When it comes to draconian COVID rules, courts have ‘no interest’ in upholding charter rights, says lawyer
Kitchen told LifeSiteNews that the larger issue is that Canadians’ rights, because of COVID, have been rendered “meaningless effectively in the real world.”
“The courts in fact have no interest in upholding those rights,” Kitchen said.
When it comes to the privacy issue of ArriveCAN, Kitchen said violations of a potential search or seizure would fall under Section 8 of the Charter.
“When it comes to search, that includes medical information, medical status,” Kitchen told LifeSiteNews.
Kitchen noted that Section 8 of the Charter has its own “internal limitation” that a search cannot be an “unreasonable” search.”
He noted that the government would argue such a search would be “reasonable” even though it is not.
Kitchen said that as most Section 8 case law is in the criminal context, in dealing with drug dealers having their vehicles searched upon a traffic stop for example, “at least in the criminal context, Section 8 is a fairly well-protected right.”
This is unlike freedom of religion and association, said Kitchen, of which there is “no protection” when it comes to case law.
Kitchen told LifeSiteNews that if one had a reasonable judge, he could be swayed that a Section 6 violation under ArriveCAN would amount to an unreasonable search.
“Why is it reasonable to collect the vaccine status? It’s not, it’s a pretty significant invasion, it’s kind of like how the stigma attached to an unvaccinated person is like one having an STD. It’s equivalent to that,” Kitchen said.
“It is a serious invasion.”
Kitchen noted that “just merely to being asked to tick that box on the app before entering the county, those two rights have been limited.”
He said that the COVID jabs have absolutely no “impact on transmission and infection which is the only rational basis for doing this.”
“If we had judges that were level-headed and courageous enough to actually follow the law and follow the science and the facts, there’s no way this would stand legal scrutiny,” Kitchen told LifeSiteNews.
In an exclusive interview with LifeSiteNews, Ontario Dr.
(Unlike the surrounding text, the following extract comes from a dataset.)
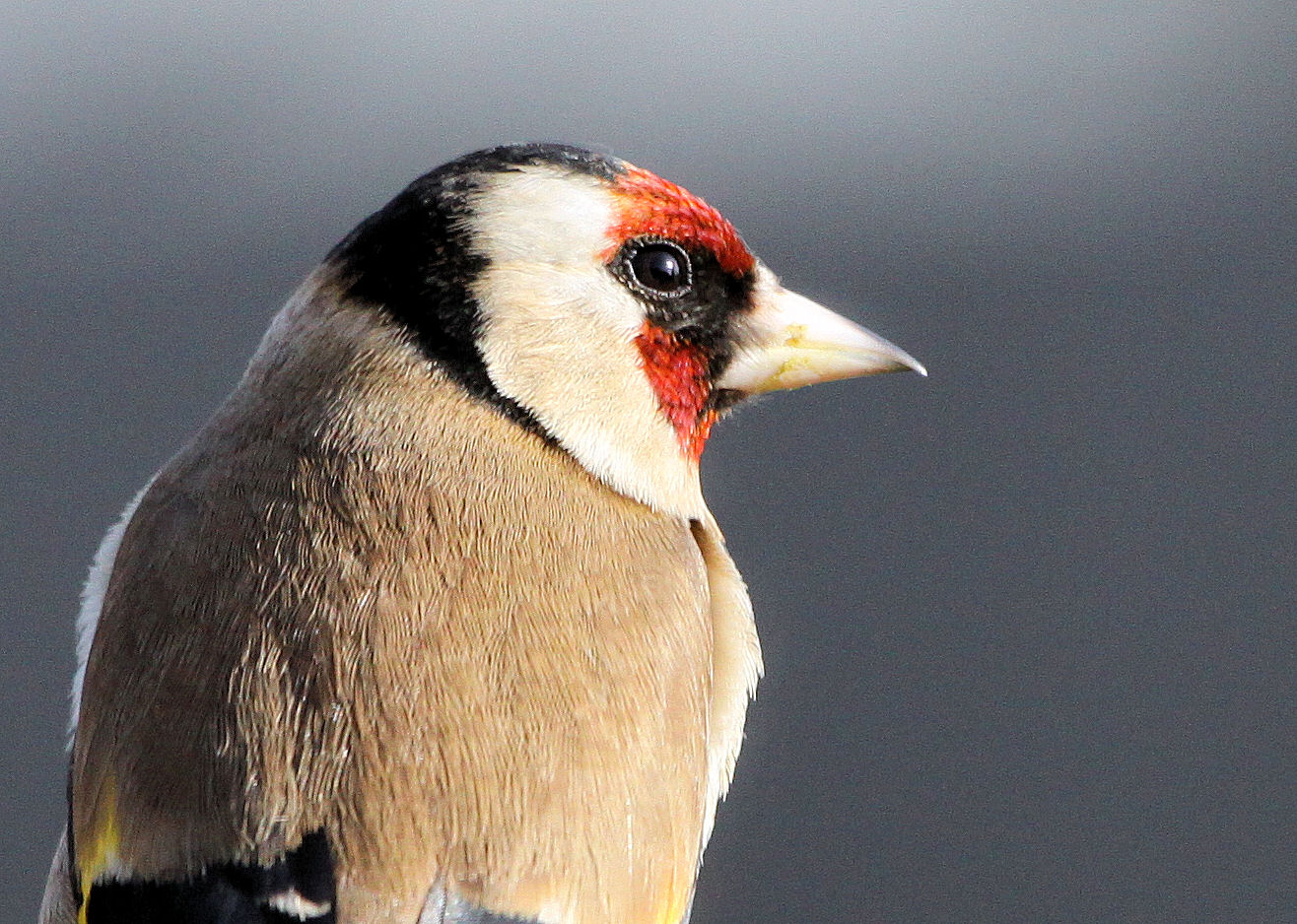 The Birds of Kent Goldfinch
Ann Gillies recounted in detail being fined $6,255 for non-compliance with the ArriveCAN app after returning home via a land border.
The Canadian federal government admitted ArriveCAN has indeed wrongly placed fully jabbed people into quarantine.
Recently, news broke that David Crouch, who despite having four COVID shots, was told by the ArriveCAN app that he had to quarantine for 14 days when he got home.